The Eucalyptus Security Team rates the potential impact of each vulnerability that affects Eucalyptus software using a four point scale, similarly to other software vendors. All vulnerabilities are rated as either Critical, Important, Moderate, or Low impact. The rating of each vulnerability is based on a technical evaluation and the actual risk may vary depending on your deployment environment. The severity rating in a Eucalyptus Security Advisory (ESA) is intended as a guide to help you recognize the most important updates, and the description of the issue in the advisory should be used to determine the impact on your system .
Critical — Exploitation may allow to gain administrative privileges either in the cloud or on the machines hosting Eucalyptus.

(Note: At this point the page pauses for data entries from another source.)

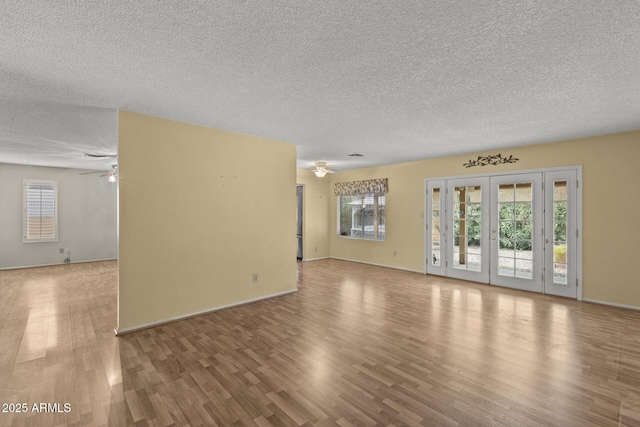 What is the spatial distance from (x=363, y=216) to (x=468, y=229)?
2752 mm

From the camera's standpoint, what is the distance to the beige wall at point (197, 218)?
11.0 ft

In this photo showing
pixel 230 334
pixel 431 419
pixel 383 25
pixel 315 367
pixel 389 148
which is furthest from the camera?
pixel 389 148

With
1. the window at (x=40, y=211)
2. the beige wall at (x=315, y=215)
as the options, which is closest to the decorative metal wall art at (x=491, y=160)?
the beige wall at (x=315, y=215)

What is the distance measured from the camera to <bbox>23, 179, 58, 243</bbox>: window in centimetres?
684

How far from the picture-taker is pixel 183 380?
2.33 metres

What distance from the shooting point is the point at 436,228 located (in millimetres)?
6156

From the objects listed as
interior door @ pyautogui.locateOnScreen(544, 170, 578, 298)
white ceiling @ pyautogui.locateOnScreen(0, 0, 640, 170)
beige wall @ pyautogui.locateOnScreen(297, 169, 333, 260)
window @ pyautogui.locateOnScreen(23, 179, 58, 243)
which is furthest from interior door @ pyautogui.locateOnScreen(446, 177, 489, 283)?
window @ pyautogui.locateOnScreen(23, 179, 58, 243)

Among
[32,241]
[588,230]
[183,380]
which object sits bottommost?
[183,380]

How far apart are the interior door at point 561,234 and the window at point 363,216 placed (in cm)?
330

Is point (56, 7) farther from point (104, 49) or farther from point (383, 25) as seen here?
point (383, 25)

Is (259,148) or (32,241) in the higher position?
(259,148)

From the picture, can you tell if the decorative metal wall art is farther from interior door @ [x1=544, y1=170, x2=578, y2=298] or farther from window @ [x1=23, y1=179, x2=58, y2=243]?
window @ [x1=23, y1=179, x2=58, y2=243]

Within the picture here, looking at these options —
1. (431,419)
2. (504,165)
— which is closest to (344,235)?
(504,165)

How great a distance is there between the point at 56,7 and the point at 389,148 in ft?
14.7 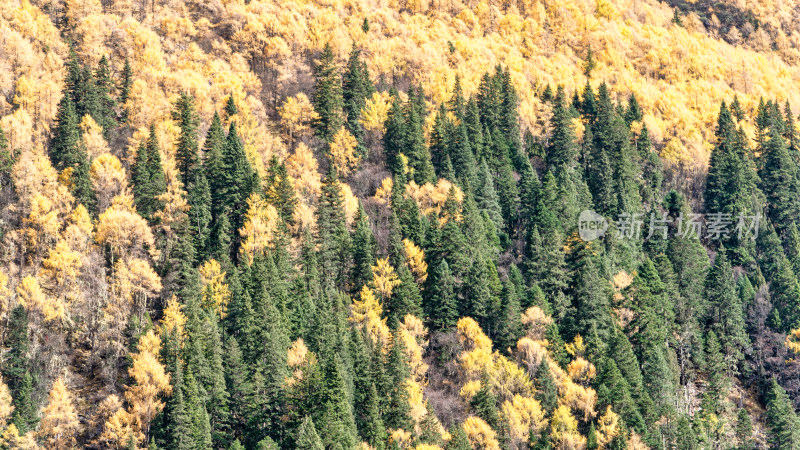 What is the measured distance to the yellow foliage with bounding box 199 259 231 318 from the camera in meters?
77.2

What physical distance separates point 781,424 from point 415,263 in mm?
38432

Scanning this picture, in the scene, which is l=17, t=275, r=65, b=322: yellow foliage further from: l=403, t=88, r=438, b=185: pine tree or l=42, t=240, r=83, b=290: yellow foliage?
l=403, t=88, r=438, b=185: pine tree

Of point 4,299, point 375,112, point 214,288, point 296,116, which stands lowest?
point 214,288

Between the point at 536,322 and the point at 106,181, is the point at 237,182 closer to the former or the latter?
the point at 106,181

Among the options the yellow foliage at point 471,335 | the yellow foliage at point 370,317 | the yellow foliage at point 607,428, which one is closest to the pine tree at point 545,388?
the yellow foliage at point 607,428

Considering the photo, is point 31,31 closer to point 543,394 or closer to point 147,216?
point 147,216

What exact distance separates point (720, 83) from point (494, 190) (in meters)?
69.0

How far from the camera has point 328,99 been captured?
10938 cm

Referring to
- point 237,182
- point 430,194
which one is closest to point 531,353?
point 430,194

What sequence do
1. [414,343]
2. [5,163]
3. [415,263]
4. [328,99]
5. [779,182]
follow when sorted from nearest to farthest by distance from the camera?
[414,343] → [5,163] → [415,263] → [328,99] → [779,182]

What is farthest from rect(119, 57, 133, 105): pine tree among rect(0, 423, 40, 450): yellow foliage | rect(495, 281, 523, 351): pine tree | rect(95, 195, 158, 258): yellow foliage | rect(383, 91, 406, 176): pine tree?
rect(495, 281, 523, 351): pine tree

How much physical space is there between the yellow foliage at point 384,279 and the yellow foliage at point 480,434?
15836 millimetres

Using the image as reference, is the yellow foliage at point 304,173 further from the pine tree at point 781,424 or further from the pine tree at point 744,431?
the pine tree at point 781,424

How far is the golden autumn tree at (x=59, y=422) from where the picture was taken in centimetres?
6725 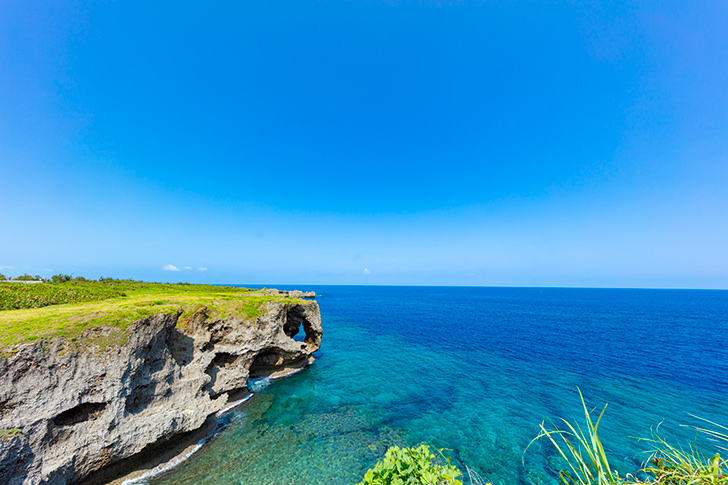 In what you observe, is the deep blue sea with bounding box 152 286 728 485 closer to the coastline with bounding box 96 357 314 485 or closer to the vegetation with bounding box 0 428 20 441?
the coastline with bounding box 96 357 314 485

Preconditions for the exploitation can be easily met and exploitation is relatively straightforward.
Important — Exploitation does not result in elevated privileges, or if it does, exploitation is non-trivial and may require several preconditions to be met.
Moderate — Exploitation of the vulnerability is mitigated by a number of preconditions that are difficult to meet, such as nonstandard configuration parameters or a successful social engineering attack, and/or the exploitation has a limited impact.
Low — Any other security-related issue that might be assigned a higher severity rating, but the exploitation of the issue requires unlikely conditions or configuration or has an extremely minimal impact.